Data visualization

Data visualization or data visualisation is viewed by many disciplines as a modern equivalent of visual communication. It involves the creation and study of the visual representation of data, meaning "information that has been abstracted in some schematic form, including attributes or variables for the units of information".[1]

A primary goal of data visualization is to communicate information clearly and efficiently via statistical graphics, plots and information graphics. Numerical data may be encoded using dots, lines, or bars, to visually communicate a quantitative message.[2] Effective visualization helps users analyze and reason about data and evidence. It makes complex data more accessible, understandable and usable. Users may have particular analytical tasks, such as making comparisons or understanding causality, and the design principle of the graphic (i.e., showing comparisons or showing causality) follows the task. Tables are generally used where users will look up a specific measurement, while charts of various types are used to show patterns or relationships in the data for one or more variables.

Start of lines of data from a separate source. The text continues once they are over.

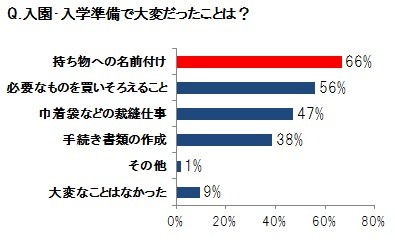 「入園・入学準備に関する意識・実態調査」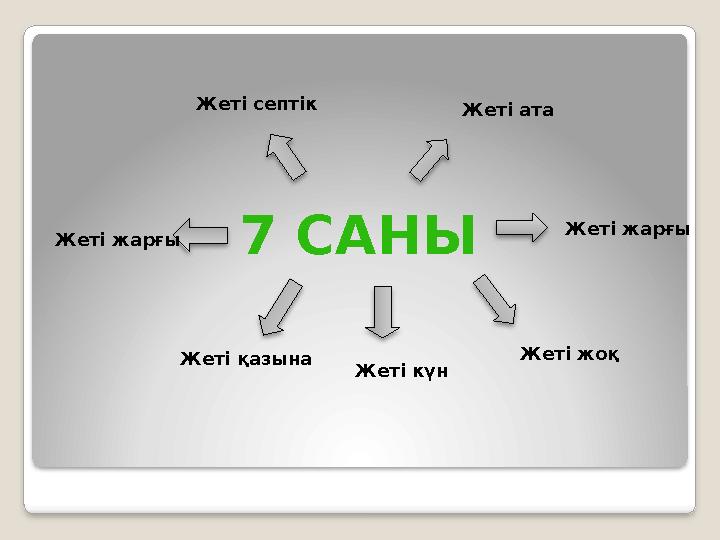 7 САНЫ Жеті жарғы Жеті жоқ Жеті күн Жеті қазына Жеті жарғы Жеті септік Жеті ата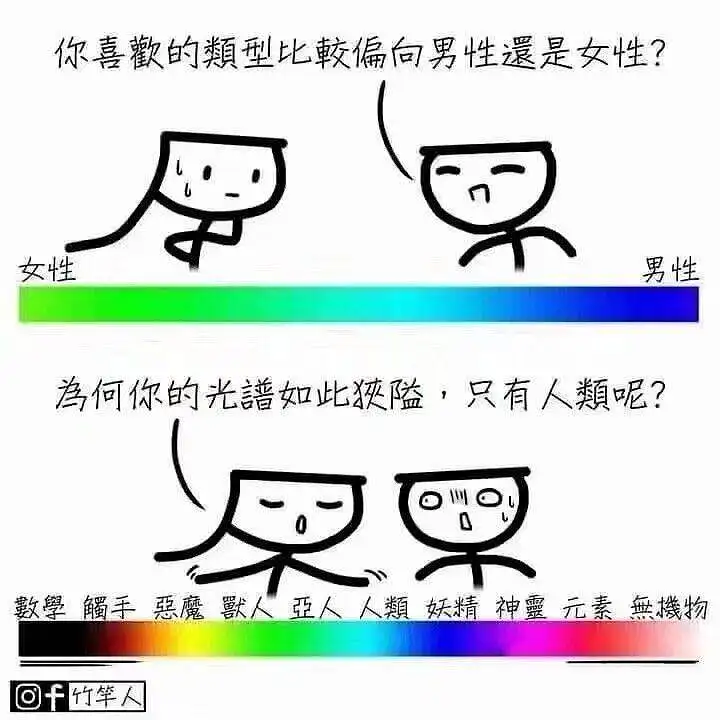 沙雕,沙雕图,色图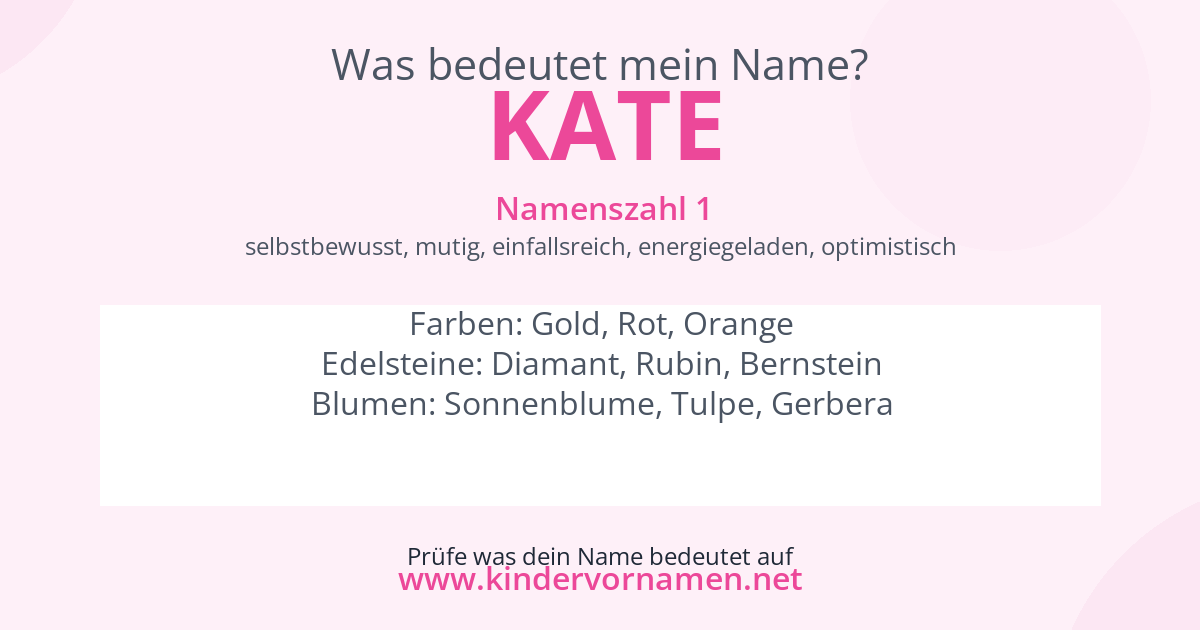 Was bedeutet der Name Kate?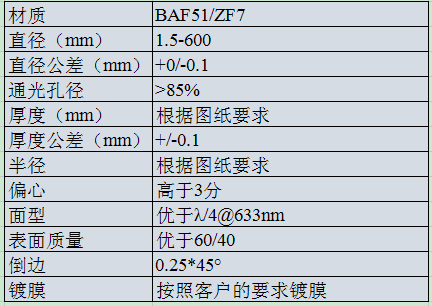 BAF51 ZF7 胶合透镜.png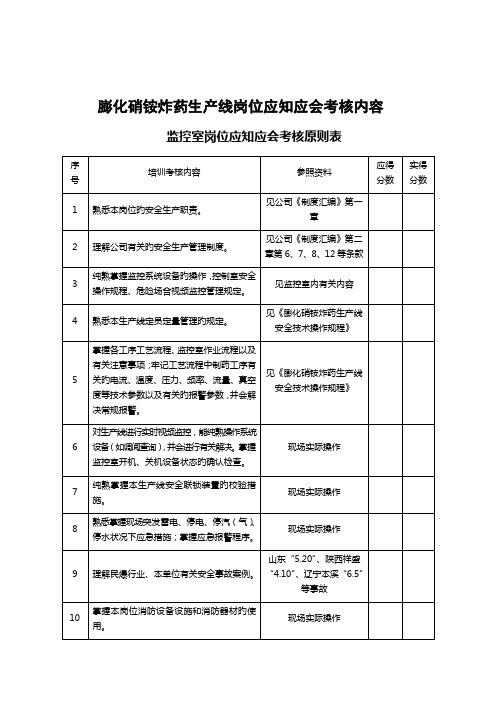 民爆行业应知应会内容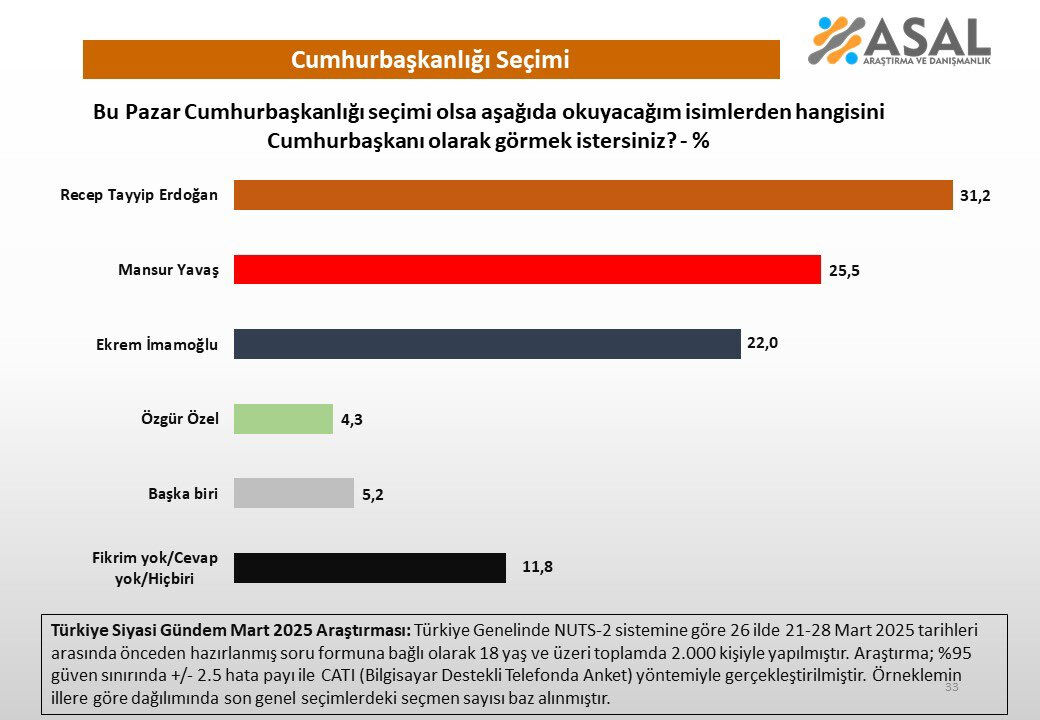 Erdoğan, İmamoğlu, Yavaş ve Özel yarıştı! Son ankette zirvedeki isim rakiplerine fark attı Erdoğan, İmamoğlu, Yavaş ve Özel yarıştı! Son ankette zirvedeki isim rakiplerine fark attı - 2. Resim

Data visualization is both an art and a science.[3] It is viewed as a branch of descriptive statistics by some, but also as a grounded theory development tool by others. Increased amounts of data created by Internet activity and an expanding number of sensors in the environment are referred to as "big data" or Internet of things. Processing, analyzing and communicating this data present ethical and analytical challenges for data visualization. The field of data science and practitioners called data scientists help address this challenge.[4]

Overview

Data visualization is one of the steps in analyzing data and presenting it to users.

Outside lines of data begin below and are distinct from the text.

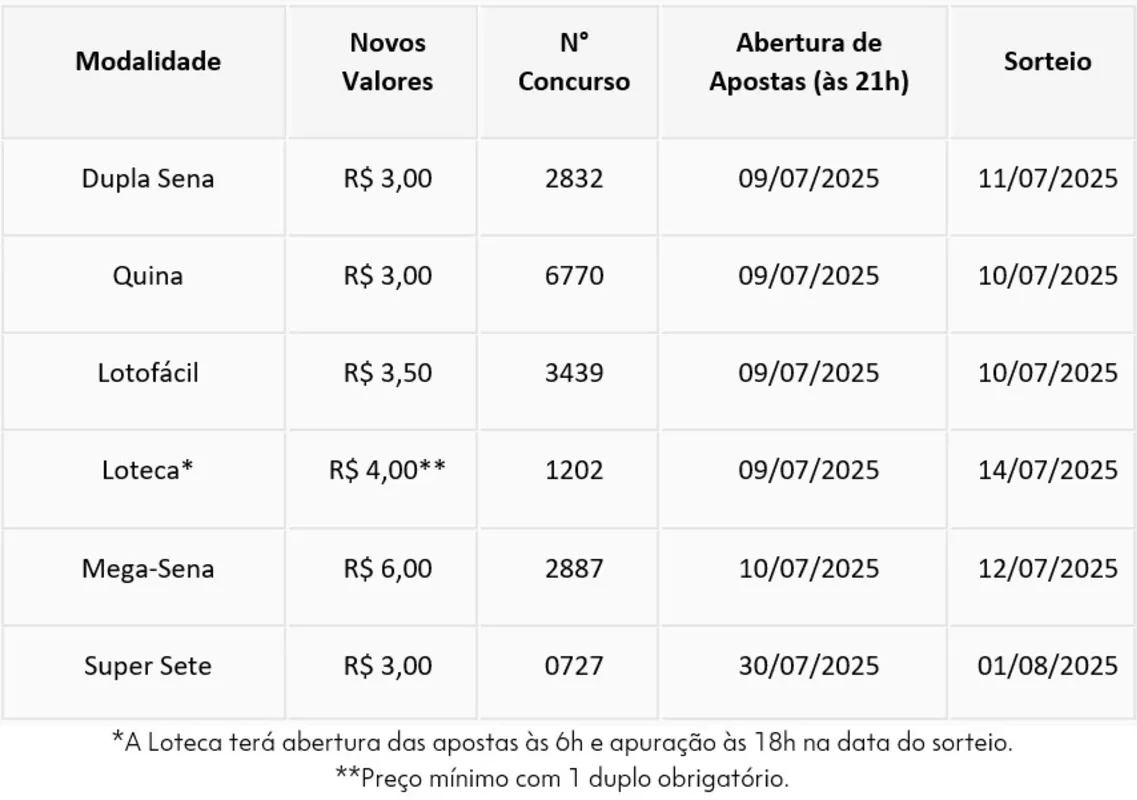 Imagem ilustrativa da imagem Preços das apostas das Loterias Caixa aumentam a partir desta quarta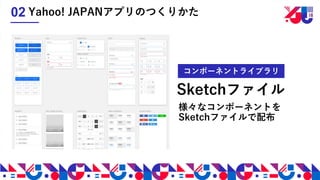 Sketchファイル
コンポーネントライブラリ
Yahoo! JAPANアプリのつくりかた02
様々なコンポーネントを
Sketchファイルで配布
 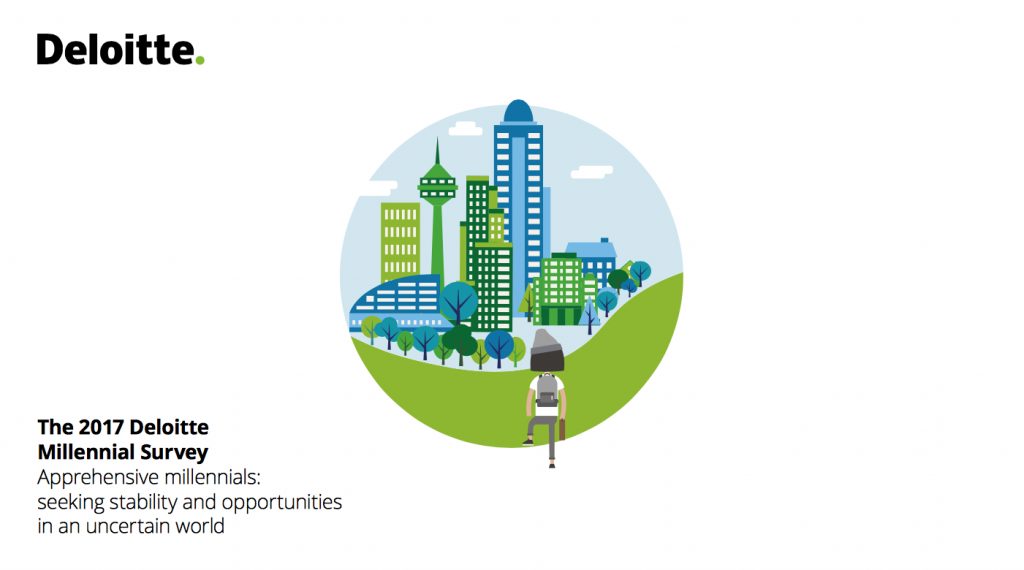 The Deloitte Millennial Survey 2017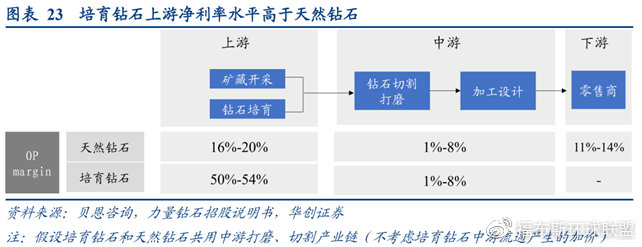 中南钻石培育钻石产量中南钻石有限公司概念股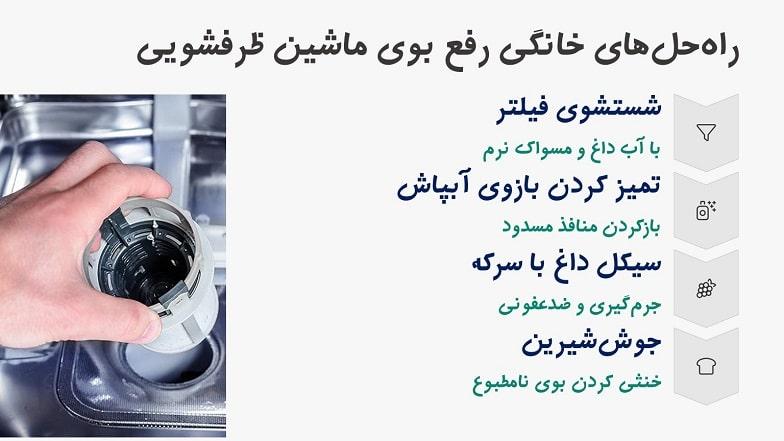 راه حل رفع بوی بد ظرفشویی در خانه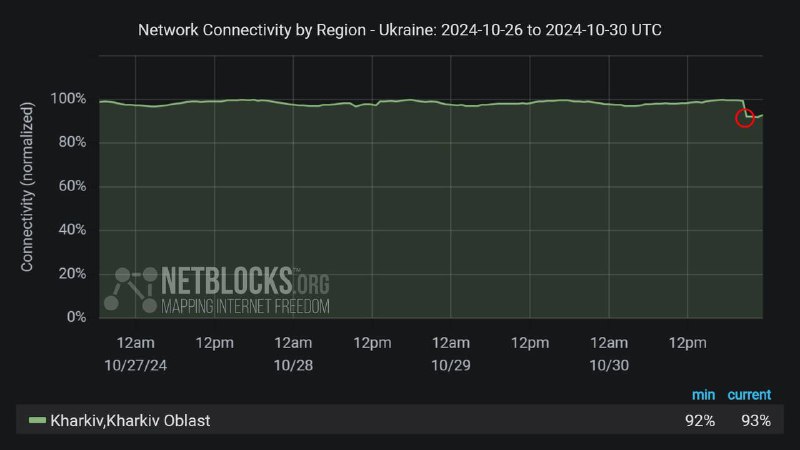 ***⚠️*** Confirmed: Live network data show …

Data visualization refers to the techniques used to communicate data or information by encoding it as visual objects (e.g., points, lines or bars) contained in graphics. The goal is to communicate information clearly and efficiently to users. It is one of the steps in data analysis or data science. According to Friedman (2008) the "main goal of data visualization is to communicate information clearly and effectively through graphical means. It doesn't mean that data visualization needs to look boring to be functional or extremely sophisticated to look beautiful. To convey ideas effectively, both aesthetic form and functionality need to go hand in hand, providing insights into a rather sparse and complex data set by communicating its key-aspects in a more intuitive way. Yet designers often fail to achieve a balance between form and function, creating gorgeous data visualizations which fail to serve their main purpose — to communicate information".[5]

Indeed, Fernanda Viegas and Martin M. Wattenberg suggested that an ideal visualization should not only communicate clearly, but stimulate viewer engagement and attention.[6]

Data visualization is closely related to information graphics, information visualization, scientific visualization, exploratory data analysis and statistical graphics. In the new millennium, data visualization has become an active area of research, teaching and development. According to Post et al. (2002), it has united scientific and information visualization.[7]

Characteristics of effective graphical displays

Charles Joseph Minard's 1869 diagram of Napoleon's March - an early example of an information graphic.
The greatest value of a picture is when it forces us to notice what we never expected to see.

John Tukey[8]

Professor Edward Tufte explained that users of information displays are executing particular analytical tasks such as making comparisons or determining causality. The design principle of the information graphic should support the analytical task, showing the comparison or causality.[9]

In his 1983 book The Visual Display of Quantitative Information, Edward Tufte defines 'graphical displays' and principles for effective graphical display in the following passage: "Excellence in statistical graphics consists of complex ideas communicated with clarity, precision and efficiency. Graphical displays should:

Graphics reveal data. Indeed graphics can be more precise and revealing than conventional statistical computations."[10]

For example, the Minard diagram shows the losses suffered by Napoleon's army in the 1812–1813 period. Six variables are plotted: the size of the army, its location on a two-dimensional surface (x and y), time, direction of movement, and temperature. The line width illustrates a comparison (size of the army at points in time) while the temperature axis suggests a cause of the change in army size. This multivariate display on a two dimensional surface tells a story that can be grasped immediately while identifying the source data to build credibility. Tufte wrote in 1983 that: "It may well be the best statistical graphic ever drawn."[10]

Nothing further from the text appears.